* [GIVEN MATERIAL]:
━━━━━━━━━━━━━━━━━━━━

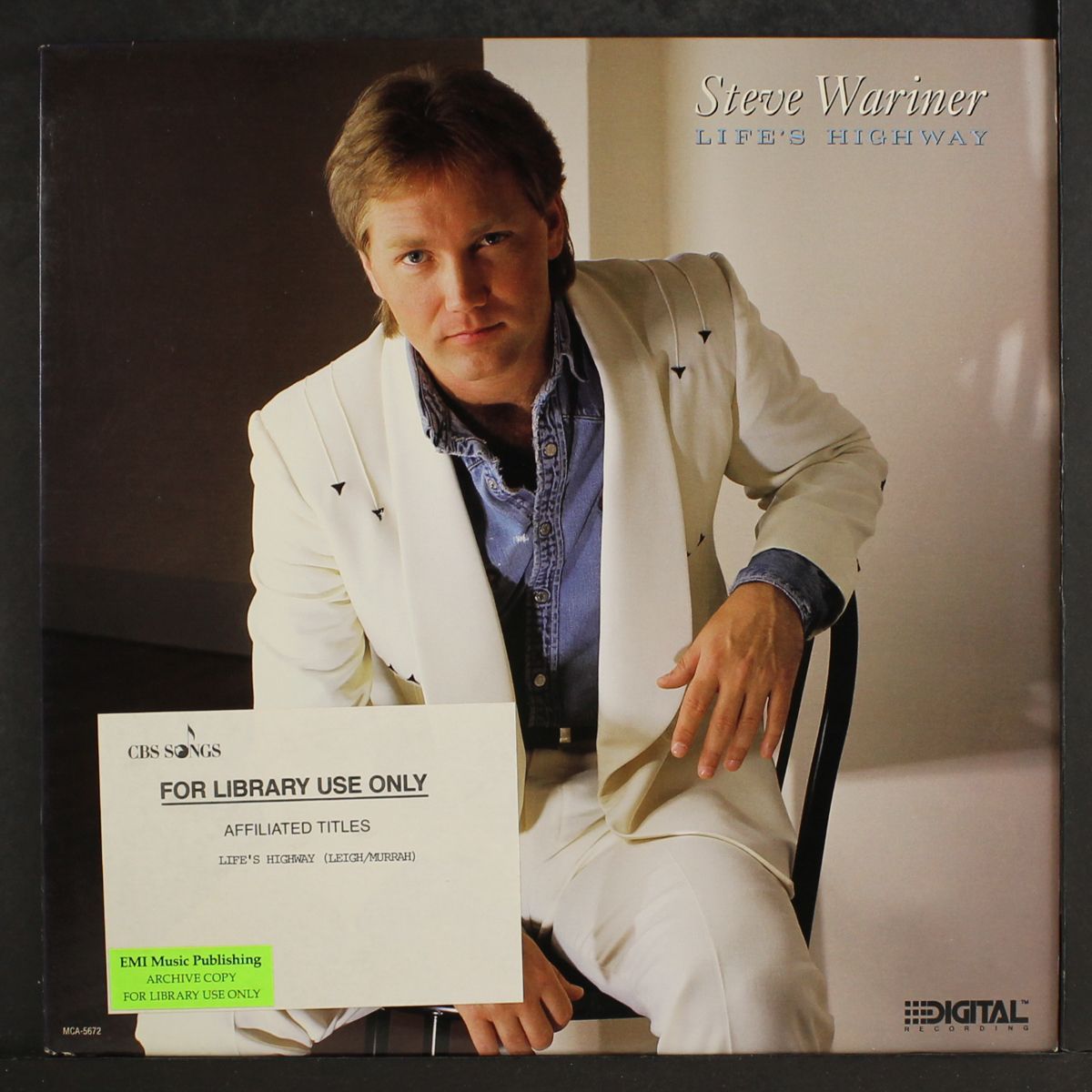 life's highway by STEVE WARINER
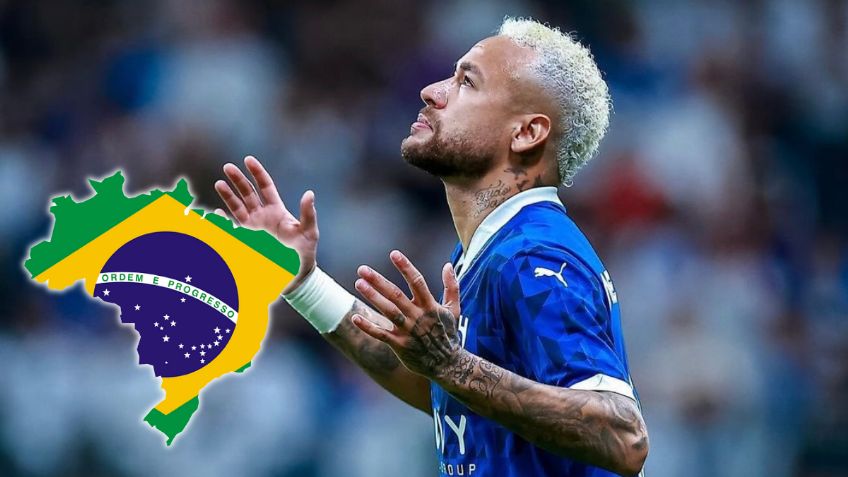 Neymar estaría cerca de regresar a Brasil para jugar con equipo histórico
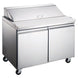 Omcan | 47" Refrigerated Salad/Sandwich Prep Table #50046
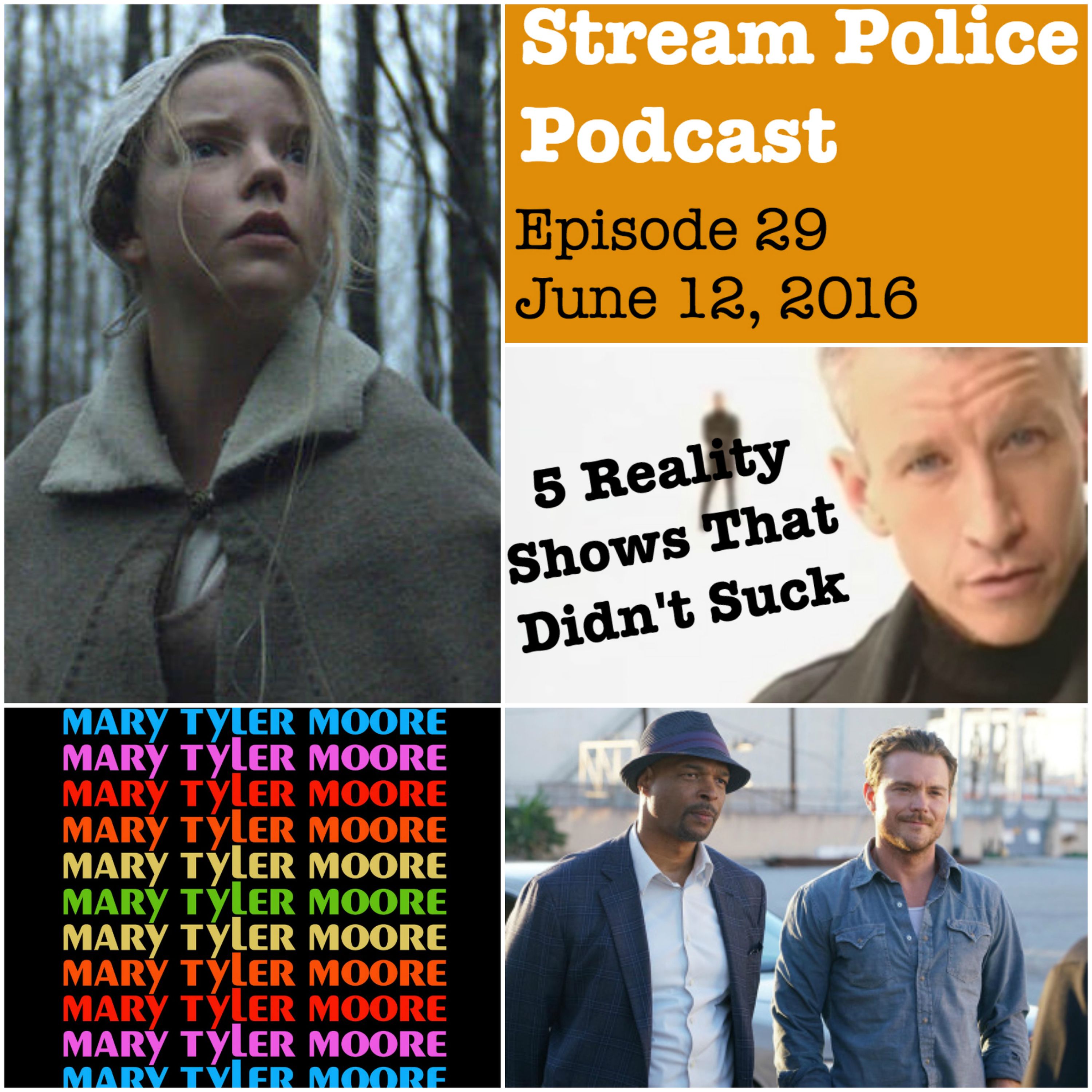 Stream Police Podcast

━━━━━━━━━━━━━━━━━━━━

* [TASK TO COMPLETE]: Except for the pictures, print the data above exactly.

* [RESULT]:
 life's highway by STEVE WARINER
 Neymar estaría cerca de regresar a Brasil para jugar con equipo histórico
 Omcan | 47" Refrigerated Salad/Sandwich Prep Table #50046
 Stream Police Podcast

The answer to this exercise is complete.